The opening temptation was to find one magic setting. The better answer is less dramatic: tune the layer that owns the symptom, measure whether the bottleneck moved, and recognize when repeated tuning is exposing an architecture limit.
References
- Apache Kafka Producer Configurations
- Apache Kafka Broker Configurations
- Apache Kafka Consumer Configurations
- Apache Kafka Monitoring
- Apache Kafka Replication
- AutoMQ Documentation: Architecture Overview
- AutoMQ Documentation: S3Stream Shared Streaming Storage
FAQ
What is the first thing to tune for Kafka performance?
Start with the symptom and the layer that owns it. For low producer throughput with spare broker capacity, producer batching and compression are common first checks. For high broker latency, inspect request timing metrics before changing thread pools.

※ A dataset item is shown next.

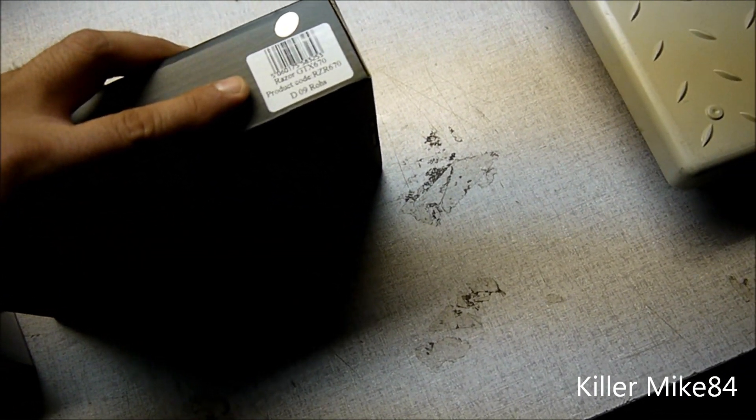Let me show you the actual backplate. It comes in and gives you a little guide on how to install it. Pretty simple. You get thermal pads, screws, an L-wrench to actually install it, and a simple backplate. I'm not going to open it — I'll leave it sealed. There it is: the XSPC GTX 670 backplate.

For consumer lag, check lag by partition and application processing time before blaming broker capacity.
How do I improve Kafka throughput without increasing latency too much?
Tune batching in small steps and measure both throughput and p99 latency. batch.size, linger.ms, compression, and fetch sizing can improve efficiency, but larger batches or longer waits may increase latency for sparse traffic. The right setting depends on the workload's event rate and latency budget.
Which Kafka metrics matter most for performance tuning?
Useful metrics include producer request latency, record send rate, broker request queue time, total produce and fetch request time, local and remote request time, bytes in and out, under-replicated partitions, ISR changes, consumer fetch latency, and lag per partition. Pair Kafka metrics with host disk, CPU, memory, and network metrics.
Can more partitions improve Kafka performance?
More partitions can improve parallelism when the current partition count limits producer or consumer throughput. They do not automatically fix key skew, slow consumers, storage saturation, or broker network limits. Review ordering requirements and traffic distribution before changing partition strategy.
When is Kafka performance an architecture problem?
It becomes an architecture problem when tuning repeatedly ends at the same structural limits: broker-local disk saturation, replica traffic, hot partition ownership, large data movement during scaling, or unstable performance during reassignment. Those symptoms suggest that the storage and scaling model should be evaluated, not only individual Kafka settings.